Lecture 24
------------

- No lecture exercise today
- HW#7 is due today

- Final exam: Wednesday December 14, 3:00PM-6:00PM (West 220)
  -> PLEASE REPORT ANY CONFLICTS NOW!


Query Optimization
--------------------------
Given a query, find the fastest implementation of it
given the database model, storage and its current contents.

Step 1: Parse query

Step 2: Look at conditions, remove redundant conditions and
check for inconsistencies

Step 3: Find alternate logical query plans: join ordering/pushing
selections down/adding projections

Step 4: Query size estimation: estimate number of tuples matching a
specific condition (before executing a query)

Step 5: Enumerate all possible physical query plans
(operators+implementaiton), estimate its cost and find the cheapest
one.


Step 4: Size estimation
------------------------------------

SEL(C) = the proportion of tuples that will pass the condition C

Given:

T = SELECT_{C} (R)     TUPLES(T) = TUPLES(R) * SEL(C)

T2 = R JOIN_{C} S      TUPLES(T2) = TUPLES(R) * TUPLES(S) * SEL(C)


DISTINCT(R.A): number of distinct R.A values currently stored
MINVAL(R.A), MAXVAL(R.A): min and max values for R.A

SEL(R.A=c) = 1/DISTINCT(R.A)

SEL(R.A>=c1 AND R.A<=c2) =  (c2-c1)/(MAXVAL(R.A)-MINVAL(R.A))

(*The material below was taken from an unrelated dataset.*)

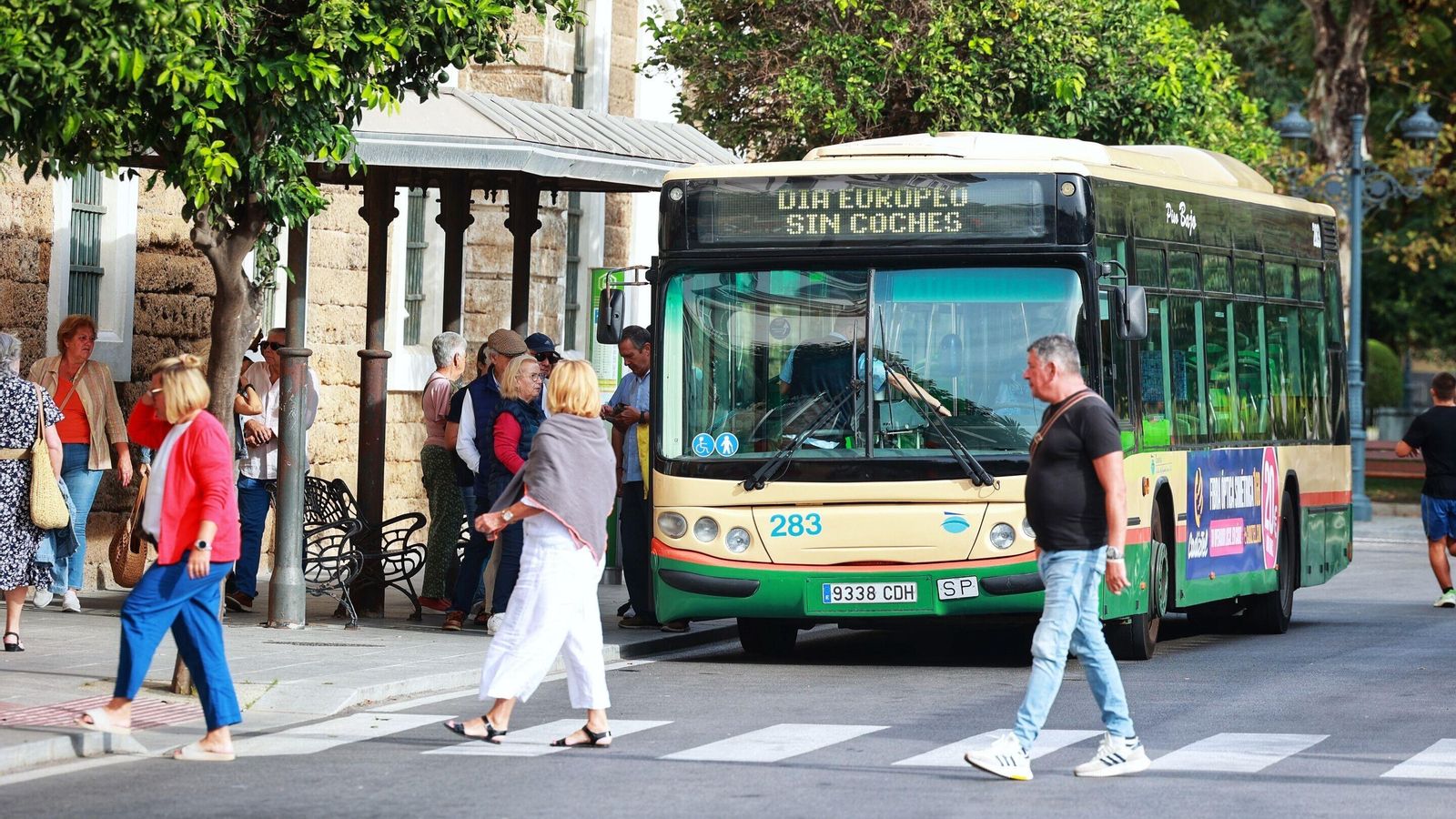 Parada del autobús en la plaza de España.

SEL(R.A=S.B) = 1/{MAX(DISTINCT(R.A), DISTINCT(S.B))}


SEL(C1 AND C2) =  SEL(C1) * SEL(C2)
SEL (NOT C1)   =  1-SEL(C1)
SEL(C1 OR C2)  =  1 - ((1-SEL(C1)) * (1-SEL(C2)))

-----------------

Join ordering

Index selectivity:
-------------------
Given an index, how much does it reduce the number of
truples that need to be retrieved for a query?

R(A,B,C,K,L,M)  10,000,000 tuples
    Distinct(R.A)= 200    
    Distinct(R.B)=5,000   
          MinVal(R.B)=500   MaxVal(R.B)=10,500 
    Distinct(R.C)=6,000  
    Distinct(R.D)=500  
          MinVal(R.B)=100   MaxVal(R.B)=2100


Index I1 on R.A,   R.A=10

Sel(R.A=10) = 1/200

Index I2 on R.B,   R.B=400

Sel(R.b=400) = 1/5000

Index I3 on R.C,   R.C='ABC'

Sel(R.C='ABC') = 1/6000

Index I4 on R.D, R.D=400

Sel(R.D=400) = 1/500

1. Find most selective indexes

2. Find less selective indexes that have the attributes needed
for a query

SELECT F FROM R WHERE R.A = 200 AND R.E<= 500;


F,A,E -> scan all leaf
E,A,F -> Scan for R.E<=500
E,F,A -> Scan for R.E<=500

A,E,F -> best index (scan leaf from R.A=200 and min (R.E) up to
R.A=200 and R.E>500)

-----------------


TRANSACTION (XACT) PROCESSING
================================

Concurrency control

Abstract sequence of operations in a database as read/write by
transactions of data items

Schedule S1: r1(X) r2(X) w1(X) w2(X)

Schedule S2: r1(X) w1(X) r2(X) w2(X)

Schedule S3: r2(X) w2(X) r1(X) w1(X)

Schedule S4: r2(X) r1(X) w2(X) w1(X)

A serial schedule is assumed to be always correct
(S2 and S3 above are both serial!)

A schedule is serializable if its final results are guaranteed to be
equal to a serial schedule.

If a xact in a schedule always reads the same values and writes values
in the same order as a serial schedule, then it is serializable.


S1: r1(x) r2(y) w1(x) r2(z) w2(y) r1(y) w1(y)

S2: r2(y)  r2(z) w2(y) r1(x) w1(x) r1(y) w1(y)